● **WHAT YOU HAVE TO DO**:
Produce word for word the lines of the data below running from the one that has "Hermes Chypre Flat" to the one that has "Elegant Yellow Art", inclusive, and no others.

● **INFORMATION SHOWN**:
━━━━━━━━━━━━━━━━

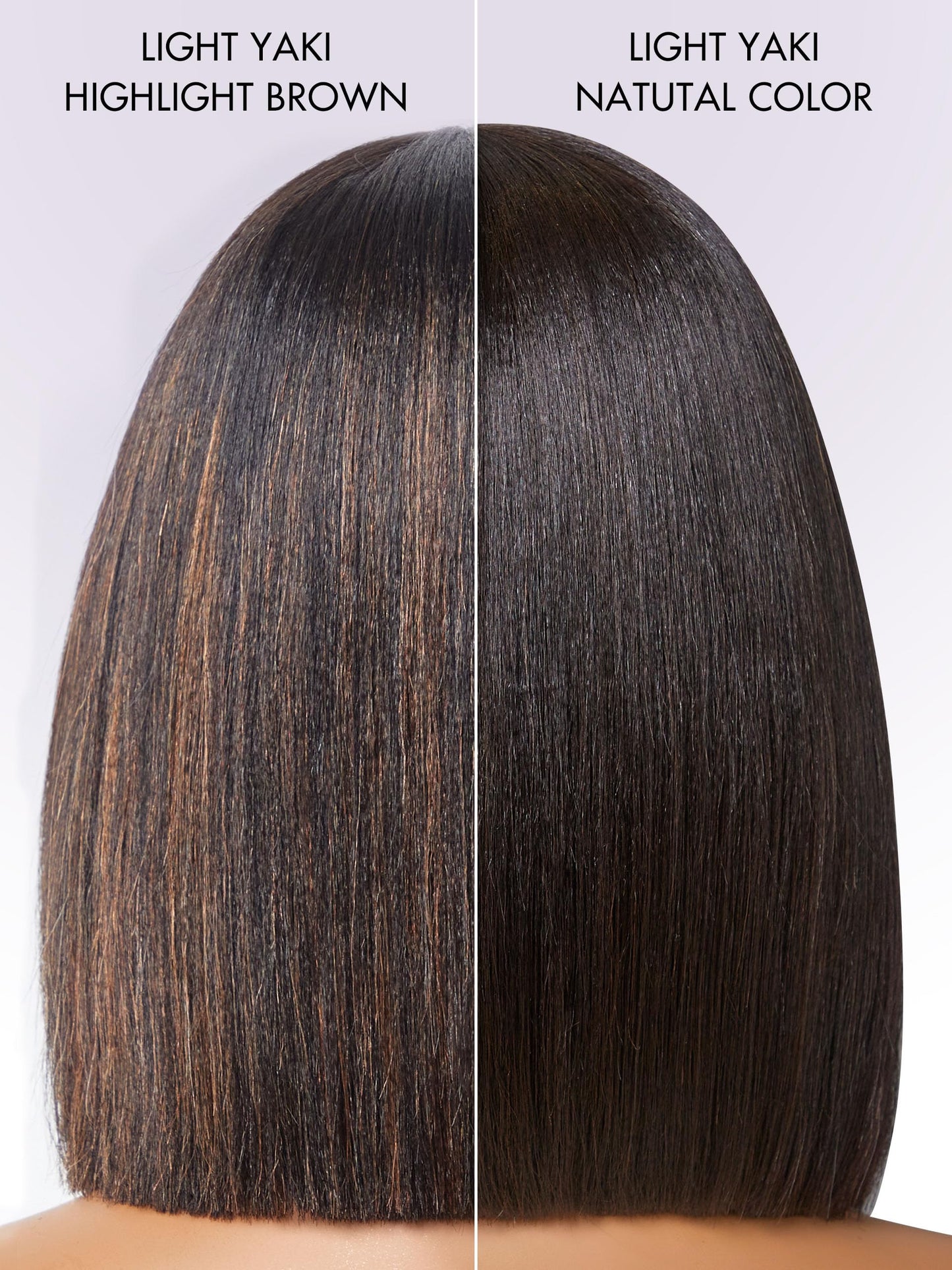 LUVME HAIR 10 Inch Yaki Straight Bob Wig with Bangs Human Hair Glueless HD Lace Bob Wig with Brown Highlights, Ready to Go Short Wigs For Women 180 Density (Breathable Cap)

━━━━━━━━━━━━━━━━

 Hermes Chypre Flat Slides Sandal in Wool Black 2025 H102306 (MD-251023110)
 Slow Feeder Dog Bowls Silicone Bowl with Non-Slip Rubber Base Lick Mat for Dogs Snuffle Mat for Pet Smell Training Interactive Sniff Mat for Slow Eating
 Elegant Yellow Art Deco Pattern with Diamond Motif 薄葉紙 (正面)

━━━━━━━━━━━━━━━━

● **RESPONSE FOR THIS EXERCISE**:
 Hermes Chypre Flat Slides Sandal in Wool Black 2025 H102306 (MD-251023110)
 Slow Feeder Dog Bowls Silicone Bowl with Non-Slip Rubber Base Lick Mat for Dogs Snuffle Mat for Pet Smell Training Interactive Sniff Mat for Slow Eating
 Elegant Yellow Art Deco Pattern with Diamond Motif 薄葉紙 (正面)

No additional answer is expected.